Congress isn’t doing so hot these days. With our legislative branch stuck in DC rush hour-levels of gridlock — for a number of reasons — there’s little incentive for our representatives to, well, represent us. And the voters have noticed.
However, while it’s easy to write off anyone whose name is preceded by the word “Representative” as some kind of negative adjective ranging from “ineffective” to “evil,” some members of Congress today are actually doing their jobs, and doing them well.
Congressman Mark Pocan, who represents Wisconsin’s 2nd district, is one of those good guys. And it isn’t just because he is, like me, an openly gay liberal Democrat. He’s more than that. He’s the kind of politician everyone says they want.
Wisconsin’s 2nd district includes not only the notoriously liberal city of Madison (often described as “78 square miles surrounded by reality”), but also many suburban communities and rural townships. In fact, most of its voters live outside of Madison. From 1991 to 1999 it was represented by a Republican.

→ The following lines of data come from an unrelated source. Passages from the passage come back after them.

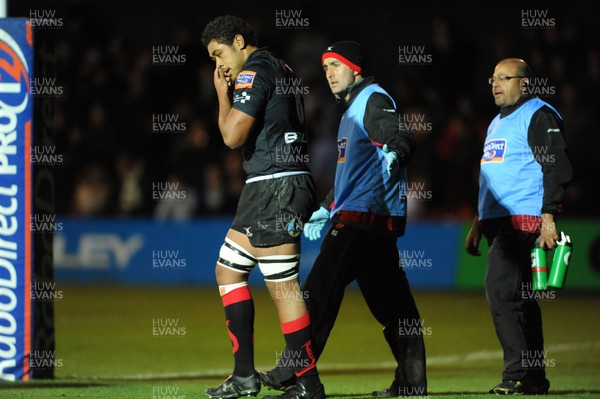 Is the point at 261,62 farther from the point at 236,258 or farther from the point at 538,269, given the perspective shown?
the point at 538,269

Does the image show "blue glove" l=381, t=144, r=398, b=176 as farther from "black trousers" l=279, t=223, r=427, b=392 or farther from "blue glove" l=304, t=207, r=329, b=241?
"blue glove" l=304, t=207, r=329, b=241

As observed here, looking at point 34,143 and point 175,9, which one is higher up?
point 175,9

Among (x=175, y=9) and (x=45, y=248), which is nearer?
(x=45, y=248)

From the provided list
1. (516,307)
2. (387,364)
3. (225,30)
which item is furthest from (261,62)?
(387,364)

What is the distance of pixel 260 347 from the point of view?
1234cm

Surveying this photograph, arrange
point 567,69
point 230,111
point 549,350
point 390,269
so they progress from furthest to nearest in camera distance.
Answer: point 567,69, point 549,350, point 390,269, point 230,111

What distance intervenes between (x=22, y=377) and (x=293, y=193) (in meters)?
3.34

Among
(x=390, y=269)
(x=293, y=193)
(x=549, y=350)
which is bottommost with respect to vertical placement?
(x=549, y=350)

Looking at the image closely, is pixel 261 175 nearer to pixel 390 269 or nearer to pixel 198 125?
pixel 390 269

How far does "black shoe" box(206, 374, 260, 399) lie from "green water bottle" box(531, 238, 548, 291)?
2240mm

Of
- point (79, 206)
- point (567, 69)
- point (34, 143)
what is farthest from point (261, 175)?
point (79, 206)

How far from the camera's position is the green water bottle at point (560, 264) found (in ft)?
26.8

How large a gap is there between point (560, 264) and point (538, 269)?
0.17 metres

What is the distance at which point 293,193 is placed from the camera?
24.0ft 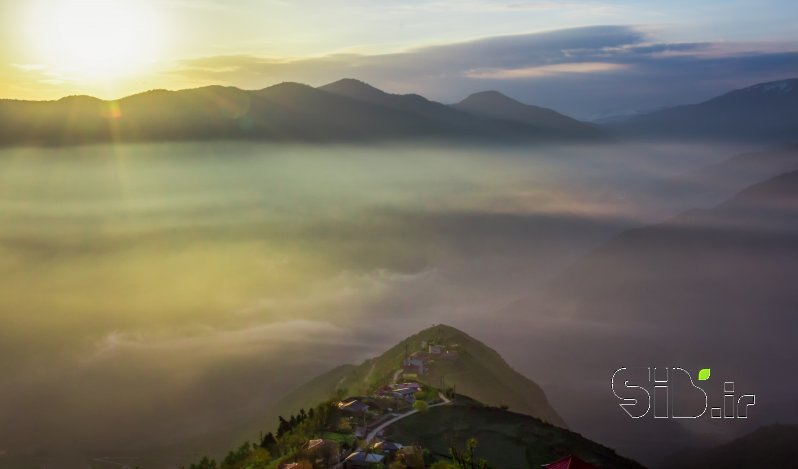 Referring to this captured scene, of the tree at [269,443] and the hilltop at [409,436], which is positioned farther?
the tree at [269,443]

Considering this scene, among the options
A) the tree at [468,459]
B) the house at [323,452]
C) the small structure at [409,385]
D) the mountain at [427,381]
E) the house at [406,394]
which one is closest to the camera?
the tree at [468,459]

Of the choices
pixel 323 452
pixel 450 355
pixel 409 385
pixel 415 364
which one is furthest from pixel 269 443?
pixel 450 355

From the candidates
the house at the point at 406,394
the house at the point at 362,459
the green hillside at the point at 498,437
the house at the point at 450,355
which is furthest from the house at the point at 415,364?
the house at the point at 362,459

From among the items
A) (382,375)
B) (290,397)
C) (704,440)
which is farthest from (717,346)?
(382,375)

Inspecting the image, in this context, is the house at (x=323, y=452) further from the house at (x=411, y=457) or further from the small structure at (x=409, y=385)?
the small structure at (x=409, y=385)

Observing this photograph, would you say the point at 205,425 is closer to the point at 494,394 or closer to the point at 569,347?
the point at 494,394

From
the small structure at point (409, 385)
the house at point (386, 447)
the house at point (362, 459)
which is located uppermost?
the house at point (362, 459)

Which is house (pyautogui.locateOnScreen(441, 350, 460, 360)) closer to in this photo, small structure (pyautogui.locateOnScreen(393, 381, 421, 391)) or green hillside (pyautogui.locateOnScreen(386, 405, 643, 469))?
small structure (pyautogui.locateOnScreen(393, 381, 421, 391))

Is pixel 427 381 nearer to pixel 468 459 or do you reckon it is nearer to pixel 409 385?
pixel 409 385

Unlike some of his colleagues from Wisconsin, Pocan is interested in enacting legislation that would help his constituents, not his PAC or his aspirations for higher office. He has partnered with Congressman Keith Ellison (D – MN) to draft a bill that would establish a constitutional right to vote, garnering a resounding “True” rating from PolitiFact when he pointed out that less than 25 percent of Americans could vote when our nation’s founding document was written. This Earth Day, along with Jan Schakowsky (D-IL), he proposed a bill that would ban fracking on public lands.
Pocan has sponsored legislation that would extend employment and retirement benefits for federal employees to their domestic partners. He’s also spearheaded an effort to allow citizens with student debt to consolidate and refinance their loans.

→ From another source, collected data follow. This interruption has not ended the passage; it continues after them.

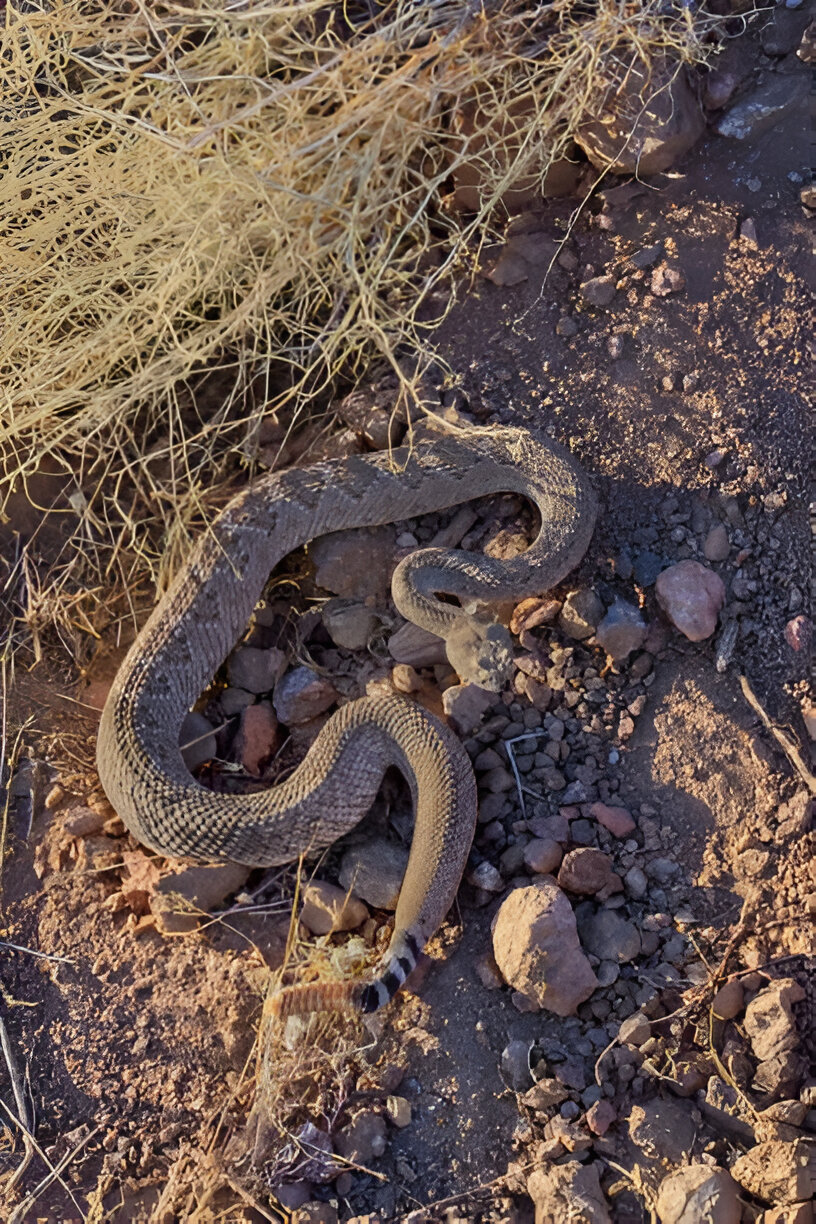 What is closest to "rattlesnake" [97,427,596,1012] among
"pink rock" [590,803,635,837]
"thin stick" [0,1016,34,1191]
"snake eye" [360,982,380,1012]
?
"snake eye" [360,982,380,1012]

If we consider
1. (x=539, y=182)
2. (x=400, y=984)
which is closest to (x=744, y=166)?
(x=539, y=182)

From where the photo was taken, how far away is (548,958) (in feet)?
8.68

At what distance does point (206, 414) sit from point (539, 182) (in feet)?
5.11

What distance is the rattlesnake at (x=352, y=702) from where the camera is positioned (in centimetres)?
292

At a time when there is intense pressure on Democrats to toe the line on “free trade” and adopt a milquetoast, centrist license for corporate greed, Pocan does otherwise. He opposes the “fast-track” Trade Promotion Authority Bill, saying, “With still too many questions left unanswered and a history of broken trade promises, Congress should not give away its constitutional authority to the President – regardless of party.”

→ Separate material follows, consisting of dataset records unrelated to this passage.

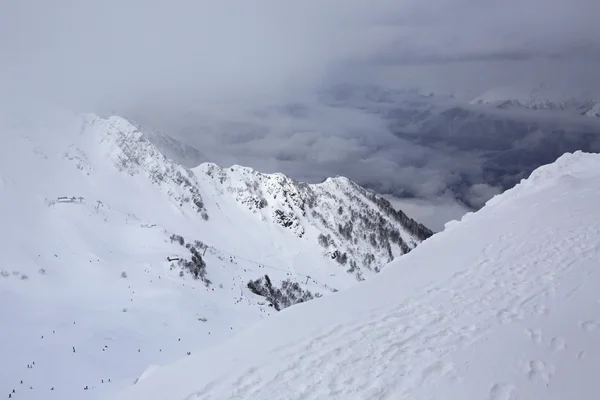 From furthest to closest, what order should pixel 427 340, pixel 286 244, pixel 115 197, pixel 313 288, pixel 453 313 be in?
pixel 286 244
pixel 115 197
pixel 313 288
pixel 453 313
pixel 427 340

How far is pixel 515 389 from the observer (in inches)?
284

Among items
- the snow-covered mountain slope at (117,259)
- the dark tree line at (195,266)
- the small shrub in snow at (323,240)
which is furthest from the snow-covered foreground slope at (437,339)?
the small shrub in snow at (323,240)

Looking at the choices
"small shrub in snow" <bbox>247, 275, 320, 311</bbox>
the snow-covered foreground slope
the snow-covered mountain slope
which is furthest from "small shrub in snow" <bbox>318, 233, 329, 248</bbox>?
the snow-covered foreground slope

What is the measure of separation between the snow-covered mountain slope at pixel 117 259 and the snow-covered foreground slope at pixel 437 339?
996 centimetres

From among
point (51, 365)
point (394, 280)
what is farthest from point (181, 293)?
point (394, 280)

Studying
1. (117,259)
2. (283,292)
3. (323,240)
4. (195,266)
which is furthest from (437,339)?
(323,240)

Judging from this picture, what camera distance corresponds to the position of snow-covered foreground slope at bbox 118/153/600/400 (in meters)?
7.67

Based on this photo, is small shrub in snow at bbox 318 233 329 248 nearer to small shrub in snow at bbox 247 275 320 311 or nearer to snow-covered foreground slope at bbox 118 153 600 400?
small shrub in snow at bbox 247 275 320 311

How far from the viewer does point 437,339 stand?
30.7 feet

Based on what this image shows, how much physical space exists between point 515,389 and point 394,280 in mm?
6922

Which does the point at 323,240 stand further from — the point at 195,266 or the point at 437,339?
the point at 437,339

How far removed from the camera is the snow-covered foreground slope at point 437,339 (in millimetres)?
7668

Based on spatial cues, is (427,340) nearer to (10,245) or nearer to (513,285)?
(513,285)

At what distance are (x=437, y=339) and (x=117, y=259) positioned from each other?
4327 centimetres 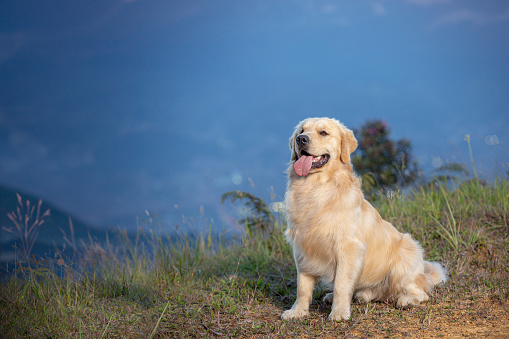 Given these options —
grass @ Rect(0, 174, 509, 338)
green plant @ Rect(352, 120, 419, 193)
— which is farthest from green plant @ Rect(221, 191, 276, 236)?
green plant @ Rect(352, 120, 419, 193)

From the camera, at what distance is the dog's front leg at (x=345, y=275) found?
14.0ft

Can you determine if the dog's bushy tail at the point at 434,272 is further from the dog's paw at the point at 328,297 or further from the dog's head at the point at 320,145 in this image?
the dog's head at the point at 320,145

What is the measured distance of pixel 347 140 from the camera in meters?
4.64

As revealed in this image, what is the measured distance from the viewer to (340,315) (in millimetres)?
4250

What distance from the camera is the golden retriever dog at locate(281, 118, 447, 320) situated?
436cm

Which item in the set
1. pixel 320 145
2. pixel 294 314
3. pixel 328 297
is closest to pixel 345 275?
pixel 294 314

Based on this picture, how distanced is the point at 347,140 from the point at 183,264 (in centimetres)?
324

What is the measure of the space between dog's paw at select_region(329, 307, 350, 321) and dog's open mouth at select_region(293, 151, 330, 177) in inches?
54.1

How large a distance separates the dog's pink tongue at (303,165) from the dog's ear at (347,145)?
14.3 inches

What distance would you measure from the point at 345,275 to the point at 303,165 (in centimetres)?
116

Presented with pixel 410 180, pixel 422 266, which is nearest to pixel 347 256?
pixel 422 266

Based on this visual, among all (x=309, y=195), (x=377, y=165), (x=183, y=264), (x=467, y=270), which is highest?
(x=377, y=165)

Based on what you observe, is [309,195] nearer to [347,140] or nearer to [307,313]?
[347,140]

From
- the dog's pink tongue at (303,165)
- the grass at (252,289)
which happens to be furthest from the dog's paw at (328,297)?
the dog's pink tongue at (303,165) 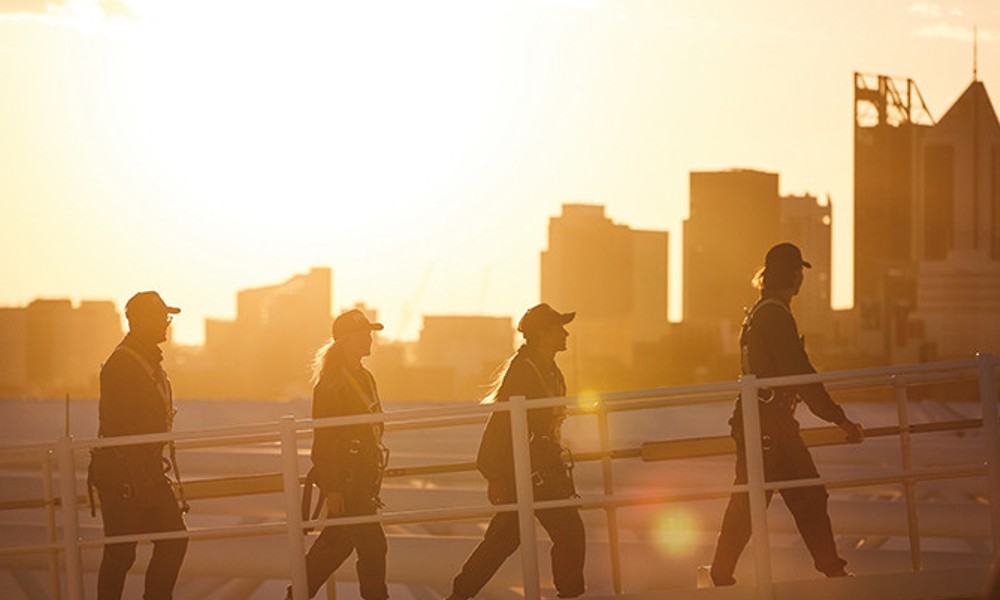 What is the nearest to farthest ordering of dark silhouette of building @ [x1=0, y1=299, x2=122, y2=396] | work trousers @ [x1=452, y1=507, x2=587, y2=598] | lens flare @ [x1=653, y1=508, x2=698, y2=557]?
work trousers @ [x1=452, y1=507, x2=587, y2=598]
lens flare @ [x1=653, y1=508, x2=698, y2=557]
dark silhouette of building @ [x1=0, y1=299, x2=122, y2=396]

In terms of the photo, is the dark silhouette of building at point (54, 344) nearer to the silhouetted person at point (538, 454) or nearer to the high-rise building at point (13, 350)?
the high-rise building at point (13, 350)

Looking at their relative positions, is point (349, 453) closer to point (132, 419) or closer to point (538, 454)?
point (538, 454)

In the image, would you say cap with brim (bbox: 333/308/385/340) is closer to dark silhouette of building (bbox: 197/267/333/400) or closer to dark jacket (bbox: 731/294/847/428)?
dark jacket (bbox: 731/294/847/428)

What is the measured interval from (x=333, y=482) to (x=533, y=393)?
1342 mm

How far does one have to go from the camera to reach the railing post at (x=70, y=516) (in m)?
10.9

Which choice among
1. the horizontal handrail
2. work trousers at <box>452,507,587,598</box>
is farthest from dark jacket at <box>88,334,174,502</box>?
work trousers at <box>452,507,587,598</box>

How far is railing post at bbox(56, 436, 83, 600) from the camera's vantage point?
35.7ft

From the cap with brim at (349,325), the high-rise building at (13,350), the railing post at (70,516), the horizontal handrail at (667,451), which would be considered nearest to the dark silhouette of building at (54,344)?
the high-rise building at (13,350)

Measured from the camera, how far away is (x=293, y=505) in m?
10.6

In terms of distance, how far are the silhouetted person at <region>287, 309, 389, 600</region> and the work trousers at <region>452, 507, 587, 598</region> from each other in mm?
578

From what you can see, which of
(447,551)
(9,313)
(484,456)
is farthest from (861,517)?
(9,313)

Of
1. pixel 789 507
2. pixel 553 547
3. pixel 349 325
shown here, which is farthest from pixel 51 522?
pixel 789 507

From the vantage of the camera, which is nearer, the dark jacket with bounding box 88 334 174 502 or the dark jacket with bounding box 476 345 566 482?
the dark jacket with bounding box 476 345 566 482

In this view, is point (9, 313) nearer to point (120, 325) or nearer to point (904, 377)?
point (120, 325) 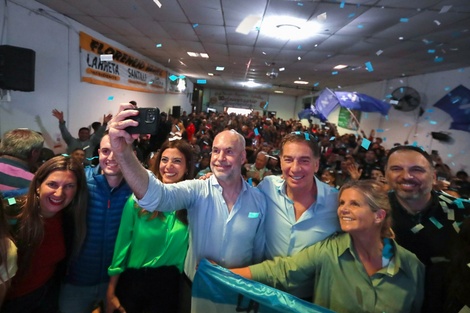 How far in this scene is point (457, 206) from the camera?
176cm

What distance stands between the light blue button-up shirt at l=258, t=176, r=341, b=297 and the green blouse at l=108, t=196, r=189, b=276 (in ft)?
1.92

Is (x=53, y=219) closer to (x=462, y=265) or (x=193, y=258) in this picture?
(x=193, y=258)

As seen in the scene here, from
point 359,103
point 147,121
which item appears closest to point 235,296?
point 147,121

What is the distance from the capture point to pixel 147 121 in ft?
3.42

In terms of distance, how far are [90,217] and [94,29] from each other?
590 cm

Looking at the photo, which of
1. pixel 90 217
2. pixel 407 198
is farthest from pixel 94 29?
pixel 407 198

Why should Pocan care about these issues? It would be pretty easy for him to follow the lead of, say, Senator Chuck Schumer and cultivate ties to large corporations while ignoring his most underprivileged constituents. The Democratic Party, after all, still rewards this behavior with leadership and prestige.
While we worry — with good reason — that Hillary Clinton’s top donors are the very financial institutions that wrecked our economy in 2007, Mark Pocans top donors are from education and labor. And his independence from Wall Street shows, as he is the lone sponsor of a bill that would require issuers of securities to disclose the pre-tax profit of and taxes paid on those securities.
Pocan’s consistent advocacy for actual people instead of corporate interests probably lies in his background in small (as opposed to big) business — he once owned his own printing company — and his roots in Kenosha, a Rust Belt town on Lake Michigan hollowed out by the loss of middle-class manufacturing jobs. The word “grassroots” means more to you if your neighborhood is peppered with empty and decaying lots that are literally overrun by wild grass. Even Madison, relatively prosperous as it is, has one such hole in its urban fabric.
As former Rep. Barney Frank told the New Yorker, “It’s the smaller businesses that have natural grassroots networks: Realtors, mortgage brokers, auto dealers, community banks. They’re in everybody’s district.” Pocan understands both sides of that local business/local representative relationship, and governs in kind.
If every Democrat in Congress had half of Mark Pocan’s passion for justice and public service they’d have more seats in Congress, not less. Pocan won his congressional seat twice with 68 percent of the vote. This kind of success in a district that, as I noted above, was represented by a Republican not that long ago shows that progressive values can and do win in purple America.
It’s easy to look at Congress, shake your head and complain that everything is awful and can’t ever get better. For disaffected liberals around the country, Mark Pocan is the alternative — the counterexample — showing that good people can get elected to Congress and succeed once they’re there.